We wondered yesterday morning why reporter Charlie LeDuff wasn't on the case and why there was no response from the Detroit Fire Department to Tuesday's TV story. But LeDuff took over the story on Wednesday and presented it with his usual blunt and direct advocacy type of journalism. Commissioner Donald Austin, who was said to be in meetings Tuesday, went before the cameras with a response on Wednesday, a day after the fire.
Of course, in addition to the tragic death of a child, the big issue here is the poor state of Detroit's fleet and the lack of reserve apparatus that forces the city to use TAC units and pickup trucks to get on-duty firefighters to emergencies. It does not appear Commissioner Austin can just wave a magic wand and fix that problem. The commissioner believes the system worked the way it should considering the cards they have been dealt. From WJBK-TV:
"I believe to the bottom of my heart everything worked as it should," said Detroit Fire Commissioner Don Austin. "Instead of shutting that company down because their apparatus was getting warranty work, our decision was let's keep the manpower available."
"The problem with what happens is something that's been systematic in this fire department for decades. We don't have enough gear. We don't have enough rigs. It isn't the firefighter. The firefighter when we get there, we do everything humanly possible. But when we can't get there or we get there without the tools we need, there's not much we can do," said Dan McNamara, president of Detroit's firefighter union.
The honeymoon appears to be over for the commissioner.
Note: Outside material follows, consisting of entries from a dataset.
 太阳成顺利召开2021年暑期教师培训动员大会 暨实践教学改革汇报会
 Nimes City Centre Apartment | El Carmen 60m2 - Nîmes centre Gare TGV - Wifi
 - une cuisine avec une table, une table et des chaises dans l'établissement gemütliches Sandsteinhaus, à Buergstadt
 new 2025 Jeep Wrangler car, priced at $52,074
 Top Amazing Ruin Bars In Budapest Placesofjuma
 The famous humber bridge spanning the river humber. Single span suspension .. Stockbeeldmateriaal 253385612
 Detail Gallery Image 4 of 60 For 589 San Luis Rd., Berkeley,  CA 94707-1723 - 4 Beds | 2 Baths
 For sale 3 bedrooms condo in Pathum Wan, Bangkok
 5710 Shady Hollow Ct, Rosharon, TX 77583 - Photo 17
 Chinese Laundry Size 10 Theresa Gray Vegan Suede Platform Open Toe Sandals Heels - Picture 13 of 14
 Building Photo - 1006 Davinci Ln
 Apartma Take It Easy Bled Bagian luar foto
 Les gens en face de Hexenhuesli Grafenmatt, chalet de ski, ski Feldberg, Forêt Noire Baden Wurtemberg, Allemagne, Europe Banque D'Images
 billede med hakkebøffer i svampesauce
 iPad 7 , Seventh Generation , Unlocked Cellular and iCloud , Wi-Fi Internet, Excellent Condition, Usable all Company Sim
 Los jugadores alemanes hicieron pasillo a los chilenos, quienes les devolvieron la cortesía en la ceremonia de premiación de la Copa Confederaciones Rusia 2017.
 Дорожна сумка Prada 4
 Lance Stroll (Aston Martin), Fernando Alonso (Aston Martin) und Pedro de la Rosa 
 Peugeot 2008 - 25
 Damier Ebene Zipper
If the apparatus situation is not likely to change soon (there was a recent budget cut from the City Council), Commissioner Austin needs to put some effort on a response system to quickly address the stories from LeDuff and others that will follow. If not, he could end up like previous commissioners who found themselves on the bad end of LeDuff's stories night after night.
As I've said before, open the books, be transparent, don't make excuses for the inexcusable and get the bad news out quickly. It isn't Commissioner Austin's fault that Detroit doesn't have working fire engines, but it will soon look like it if he doesn't get out in front of these stories. That means being there the first day reporters are asking questions.
Why give reporters like LeDuff the upper hand so they can tell their viewers they've "uncovered" some scandal? Take the offense. Tell them yourself. A story like this is going to come out anyway.
I imagine with what the firefighters and the people of Detroit have been through all these years they know enough not to expect a new commissioner is going to be a miracle worker who will suddenly cure what's ailing the fire department. But having a commissioner who changes how the commissioner's office and the fire department is perceived nightly on the news would be an enormous step in the right direction.
While Donald Austin has shown signs in his early interviews that he can be that kind of leader, I only give him a C for his reaction to this story (still a great, great improvement over the failing grades of previous commissioners who would still be running from LeDuff). Probably the more important question is will Commissioner Austin's bosses let him be that different kind of leader? Watch this space.